## [Activity]
Print the lines that run from the line with "Whirlpool WRS325SDHB 25" to the line with "Neater Pet Brands", keeping both end lines, exactly as they appear in the entries below, and nothing else.
=== Records shown ===
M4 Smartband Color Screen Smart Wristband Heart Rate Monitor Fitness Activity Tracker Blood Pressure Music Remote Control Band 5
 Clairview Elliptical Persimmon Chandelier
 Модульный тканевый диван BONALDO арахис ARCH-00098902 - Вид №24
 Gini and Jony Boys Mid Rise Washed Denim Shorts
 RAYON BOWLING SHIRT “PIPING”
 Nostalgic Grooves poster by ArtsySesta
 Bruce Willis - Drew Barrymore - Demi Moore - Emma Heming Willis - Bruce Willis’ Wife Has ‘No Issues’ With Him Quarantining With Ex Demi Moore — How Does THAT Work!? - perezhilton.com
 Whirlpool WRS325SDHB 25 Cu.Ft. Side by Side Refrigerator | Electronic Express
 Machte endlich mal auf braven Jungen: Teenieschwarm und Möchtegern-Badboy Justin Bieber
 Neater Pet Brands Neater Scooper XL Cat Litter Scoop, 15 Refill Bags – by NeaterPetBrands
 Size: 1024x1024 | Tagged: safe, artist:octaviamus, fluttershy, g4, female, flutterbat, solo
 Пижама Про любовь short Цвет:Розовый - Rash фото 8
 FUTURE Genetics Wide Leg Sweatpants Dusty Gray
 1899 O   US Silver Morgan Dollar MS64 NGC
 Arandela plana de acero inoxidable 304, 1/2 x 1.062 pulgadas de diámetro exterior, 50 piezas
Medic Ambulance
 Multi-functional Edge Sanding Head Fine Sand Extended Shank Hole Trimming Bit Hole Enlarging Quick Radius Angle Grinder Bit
===
## [Written reply]
 Whirlpool WRS325SDHB 25 Cu.Ft. Side by Side Refrigerator | Electronic Express
 Machte endlich mal auf braven Jungen: Teenieschwarm und Möchtegern-Badboy Justin Bieber
 Neater Pet Brands Neater Scooper XL Cat Litter Scoop, 15 Refill Bags – by NeaterPetBrands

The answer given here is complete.